## Action item
Nothing but an exact copy is wanted: the line with "this 1288×947 image." and each line after it in the data below, last line included.

Dataset entries:
○ ○ ○ ○
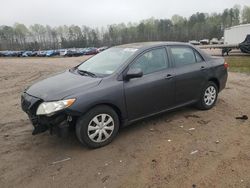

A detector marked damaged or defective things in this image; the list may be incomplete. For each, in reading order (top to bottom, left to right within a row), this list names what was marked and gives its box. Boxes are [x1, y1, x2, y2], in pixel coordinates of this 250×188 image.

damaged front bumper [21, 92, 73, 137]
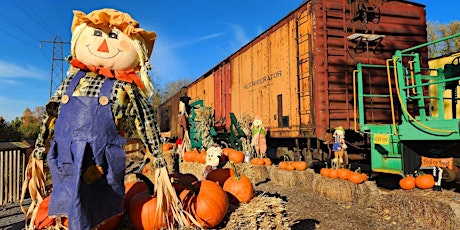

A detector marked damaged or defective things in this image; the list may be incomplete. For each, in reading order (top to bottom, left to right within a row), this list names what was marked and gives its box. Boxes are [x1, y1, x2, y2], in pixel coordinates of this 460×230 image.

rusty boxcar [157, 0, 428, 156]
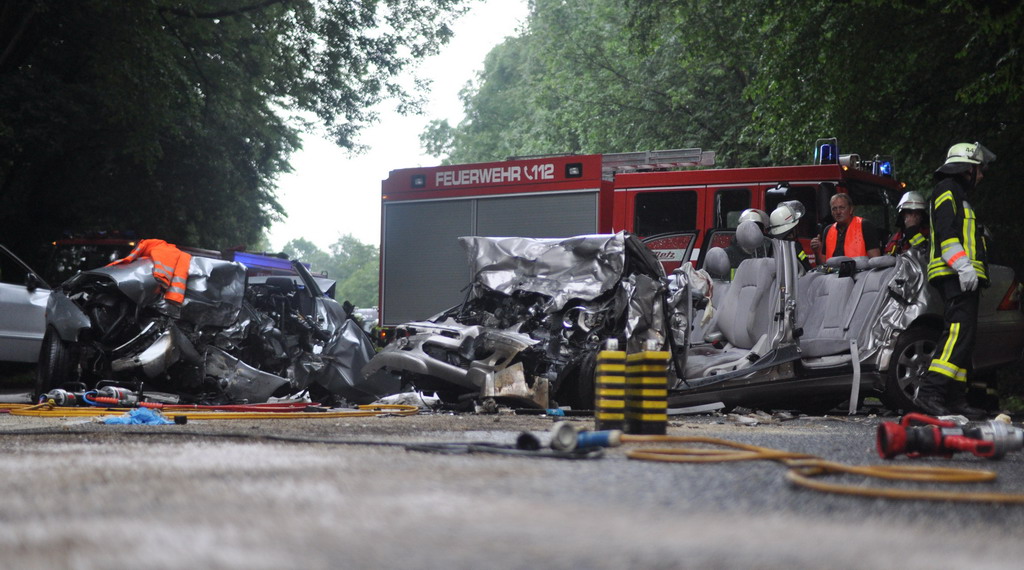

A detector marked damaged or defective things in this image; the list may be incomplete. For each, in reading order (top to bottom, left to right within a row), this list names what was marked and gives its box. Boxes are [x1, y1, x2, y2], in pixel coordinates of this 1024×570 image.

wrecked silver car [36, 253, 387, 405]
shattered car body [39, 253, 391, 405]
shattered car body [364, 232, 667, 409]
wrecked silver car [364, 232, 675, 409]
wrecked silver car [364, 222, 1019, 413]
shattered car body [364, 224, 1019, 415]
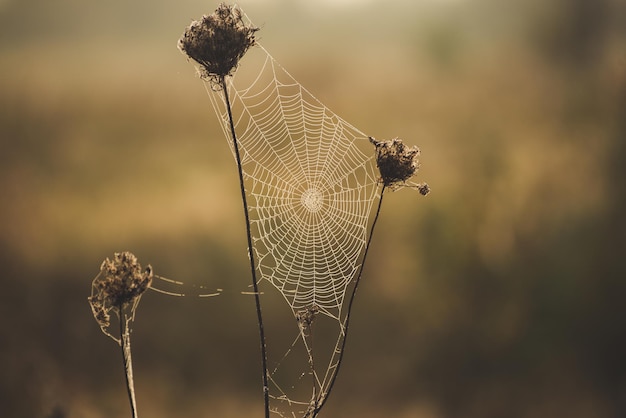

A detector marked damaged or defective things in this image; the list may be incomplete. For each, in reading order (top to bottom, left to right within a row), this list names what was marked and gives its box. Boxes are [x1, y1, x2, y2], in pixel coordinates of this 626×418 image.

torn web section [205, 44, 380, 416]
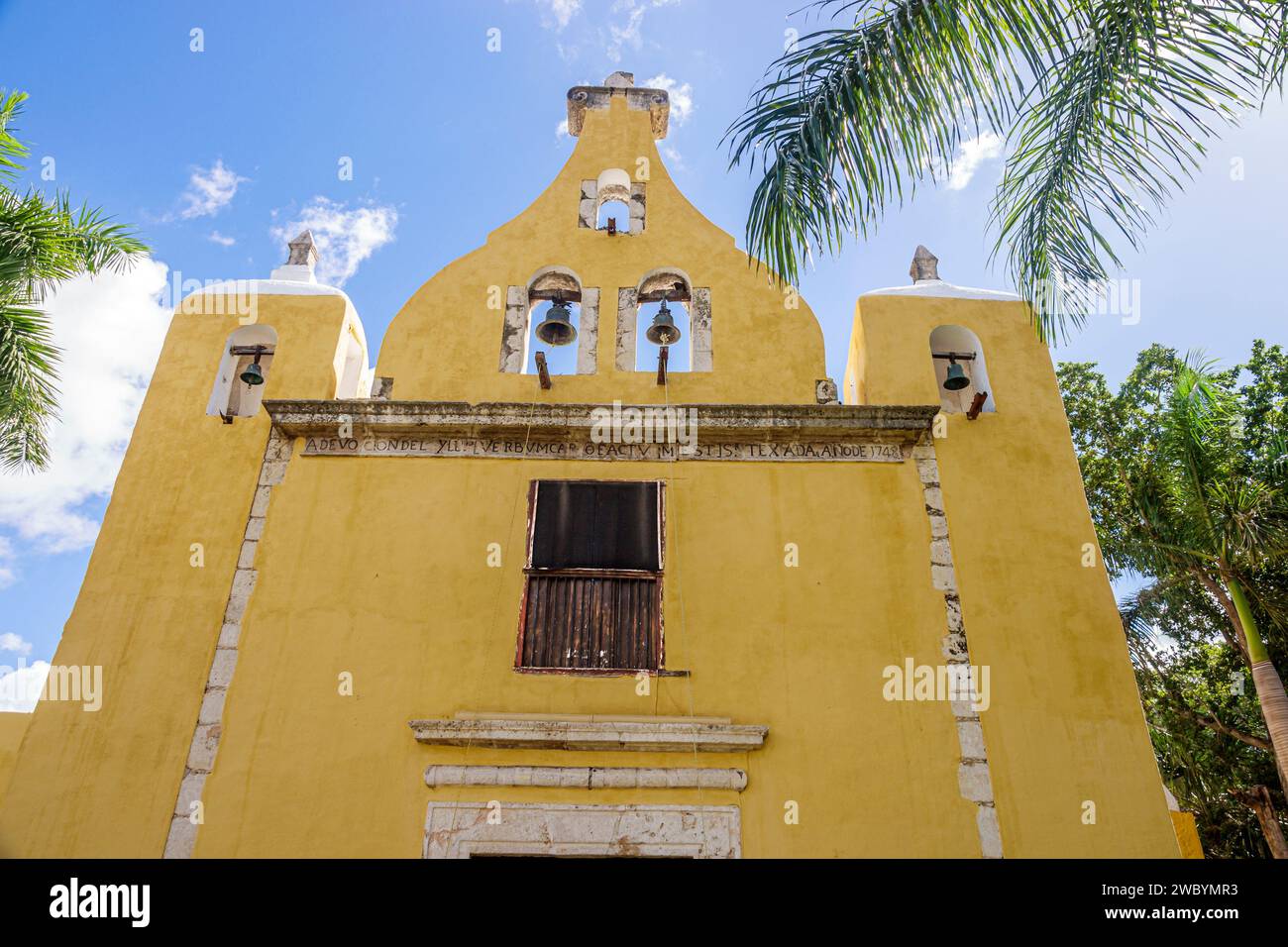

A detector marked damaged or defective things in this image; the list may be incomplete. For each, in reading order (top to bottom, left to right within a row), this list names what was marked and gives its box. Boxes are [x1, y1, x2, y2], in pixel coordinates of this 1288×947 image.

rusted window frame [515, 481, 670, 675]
○ ○ ○ ○
## The completed task
A detector marked damaged or defective things in this image; the list may be incomplete. For each, in reading order (top to bottom, left to right within a row), this list names what was marked and gives its box. Boxes are [x1, y1, x2, y2], in pixel coordinates of this 1288×947 image.

rusted window frame [515, 481, 670, 675]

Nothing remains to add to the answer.